▶ _Available records_:
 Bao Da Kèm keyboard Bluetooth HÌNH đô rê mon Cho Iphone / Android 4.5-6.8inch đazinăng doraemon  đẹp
--
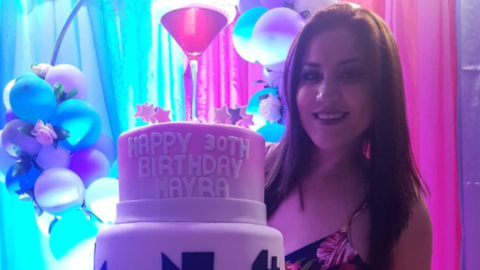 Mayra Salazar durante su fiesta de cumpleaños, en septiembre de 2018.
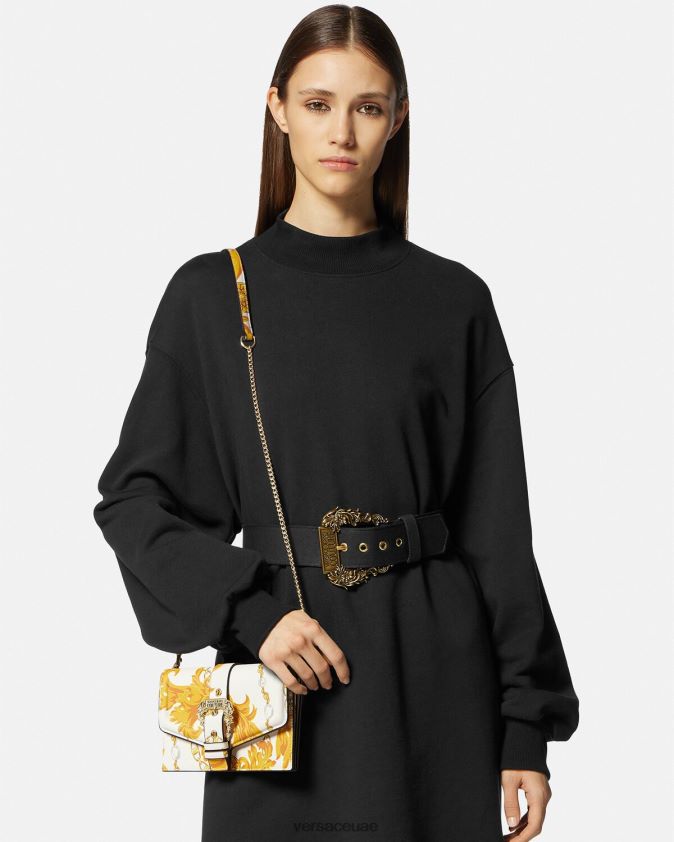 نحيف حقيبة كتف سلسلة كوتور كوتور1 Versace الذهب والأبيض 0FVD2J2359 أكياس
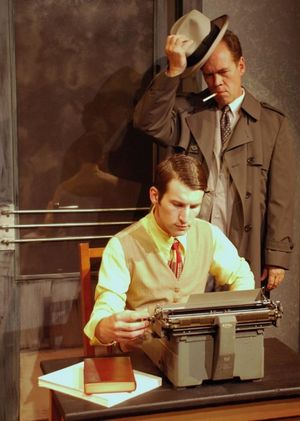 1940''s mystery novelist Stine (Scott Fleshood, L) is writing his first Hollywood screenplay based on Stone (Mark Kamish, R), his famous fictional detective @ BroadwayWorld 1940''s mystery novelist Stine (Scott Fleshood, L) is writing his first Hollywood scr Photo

▶ _Assignment_: Look back over the records above. Reproduce exactly everything from the line with "Mayra Salazar durante" down to the line with "Hollywood scr Photo", inclusive, and leave the pictures out.

▶ _Output for this task_:
 Mayra Salazar durante su fiesta de cumpleaños, en septiembre de 2018.
 نحيف حقيبة كتف سلسلة كوتور كوتور1 Versace الذهب والأبيض 0FVD2J2359 أكياس
 1940''s mystery novelist Stine (Scott Fleshood, L) is writing his first Hollywood screenplay based on Stone (Mark Kamish, R), his famous fictional detective @ BroadwayWorld 1940''s mystery novelist Stine (Scott Fleshood, L) is writing his first Hollywood scr Photo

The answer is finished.